This suggests to me the effect of outsourcing/offshoring that inventories were unnaturally high post bust and then the plunge in inventories as the pipeline and finished goods inventories were depleted. Now a few months after the bust, manufacturing production has to be ramped up based on the expectations of a recovery going forward – a classic case of the bullwhip effect, perhaps?

Also pay attention to Table 2, where in Zandi breaks out the $175.8 billion already spent (from a total $359.3 billion available). The bulk of stimulus payments (~ 100 billion) go towards “obligations” of the government meaning extending unemployment benefits, food stamps, Medicaid etc. I mean these are obligations that the government took on regardless of the economic-business cycle but is paying for by bringing forward future tax receipts. As for providing actual infrastructure building, that amounts to a paltry $14.4 billion and tax cuts $59.3 billion.

Zandi notes,

Workers who lose their jobs before the end of 2009 can temporarily receive more UI, food stamps, and help with health insurance payments. Without this extra help, laid-off workers and their families would be slashing their own spending, leading to the loss of even more jobs.

“.leading to the loss of even more jobs” – whose jobs are these? The problem with such assertions ought to be obvious: How does one verify such statements? The same logic is everywhere:

Arguments that tax cuts in the stimulus program are not supporting consumer spending are incorrect.vii Although spending has not rebounded sharply, without the stimulus, it would still be declining.

and,

But although the exact number of additional jobs that would have been lost without the fiscal stimulus will never be known, it is clear that the number is significant.

The icing on the cake,

Although the recession is over, the economy is struggling. Job losses have slowed significantly since the beginning of the year, but payrolls are still shrinking, and unemployment is still rising. The nation’s jobless rate will top 10% in coming months-higher than the Obama administration forecast when it was trying to get the stimulus passed early in the year. That fact, however, says nothing about the program’s efficacy. If anything, it suggests the $787 billion stimulus was too small.

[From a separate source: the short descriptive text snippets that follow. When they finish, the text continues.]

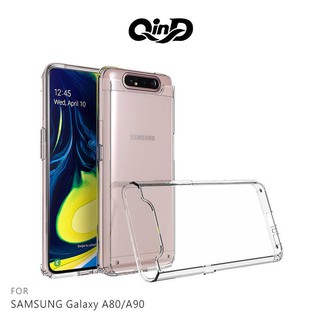 --庫米--QinD SAMSUNG Galaxy A80/A90 雙料保護套 透明殼 硬殼 防摔殼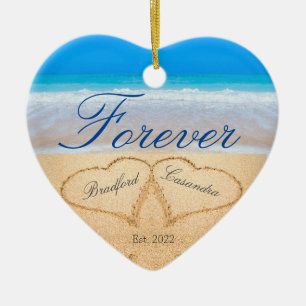 Personalized Forever   Hearts in Sand  Ceramic Orn Ornament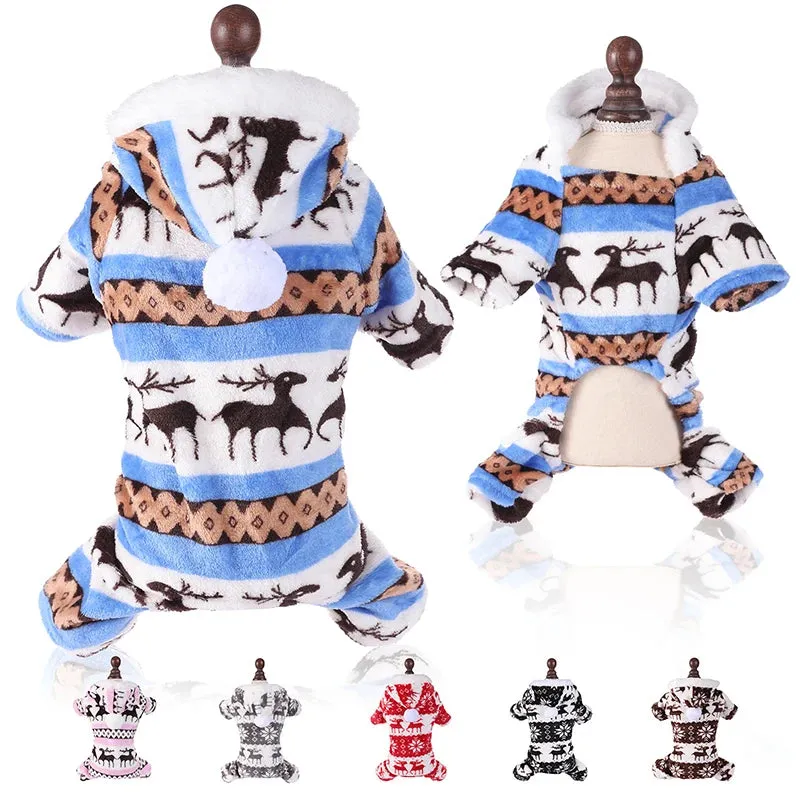 Cozy Christmas Jumpsuit for Small Dogs & Cats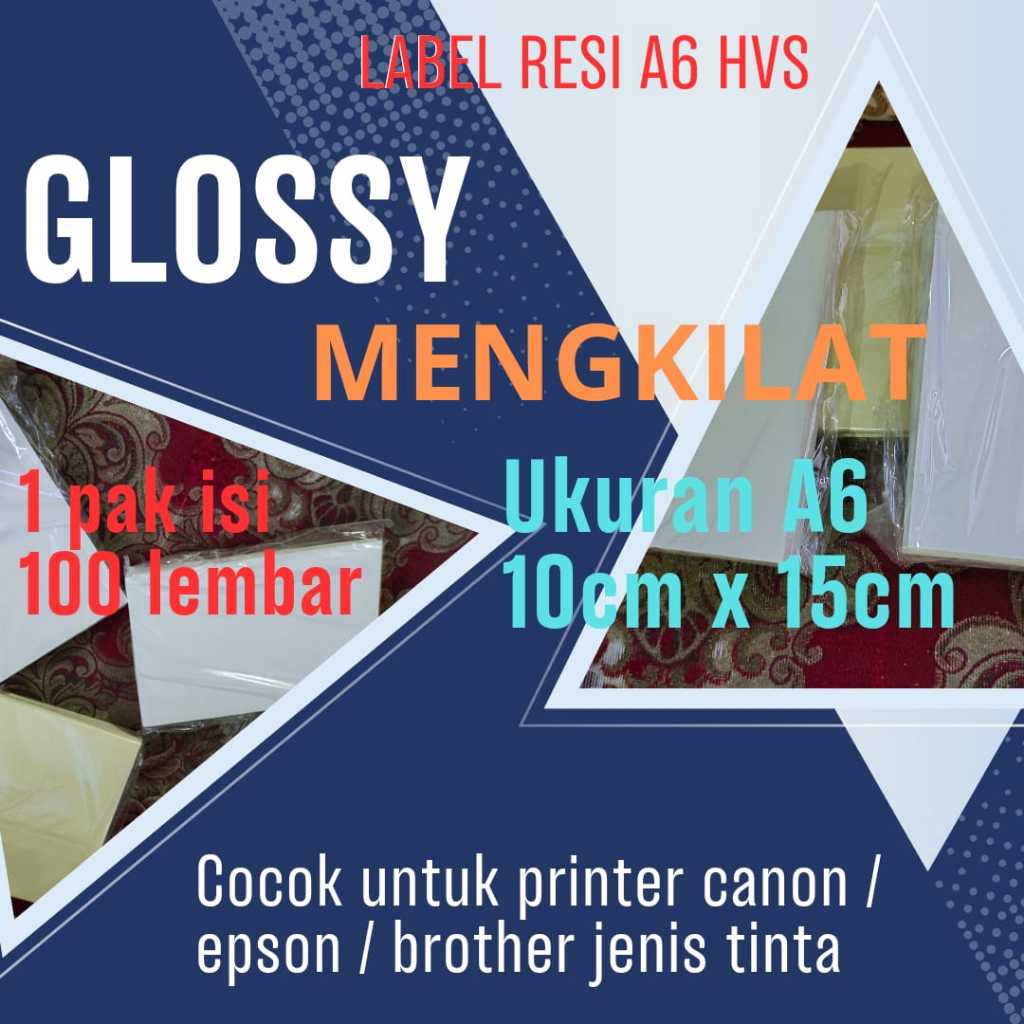 

GLOSSY MENGKILAT Stiker Label Resi HVS A6 10Cm X 15Cm Untuk Olshop Shopee isi 100pcs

If you read the report, you would be hard-pressed to find any stimulus spending (unless you count the paltry $14 billion spent on infrastructure) going towards actual job creation. That’s an efficiency ratio of 14/787 = 1.7% as of now. When all the infrastructure spending is accounted for, that would stand at 11.5%. As you can very well imagine, the economists are now realizing that the stimulus was too small. Or in other words, the stimulus has not succeeded because it was too small to succeed. Or if you prefer the truth, spending 12% of the total outlay on actual job creation was a disastrous policy that will show up in the unemployment figures in the not so distant future.

Hence, the trial balloon for a new round of “targeted” stimulus: Locke Was ‘Imprecise’ in Comments on Second Stimulus

“If there is to be another stimulus — and that’s being hotly discussed and very seriously considered within the administration as well as members of Congress — it needs to be very targeted, very specific and we need to be very mindful of the deficit as well.”

That quickly went nowhere as the reactions to this trial balloon quickly popped it. But that’s where we’re heading – Stimulus #3 is coming for sure.

Also, take a gander at the risks that are outlined for the economy going forward – nothing has changed there.

The “C” shaped recovery:

Are you pat down with the “V” shaped recovery or perhaps the “U” shaped recovery? Or perhaps, you’re attuned to stair stepping model of recovery that is headed to the dungeon of doom (nefarious toothless grin on my face)?

As you might gather from the dates between the last post and this one, I’ve been so long in the dungeon of doom, it is so dark there, that I’ve made only the slightest efforts to surface albeit with a severe case of decompression. I am decompressing actively now and hopefully I don’t get an acute case of the bends.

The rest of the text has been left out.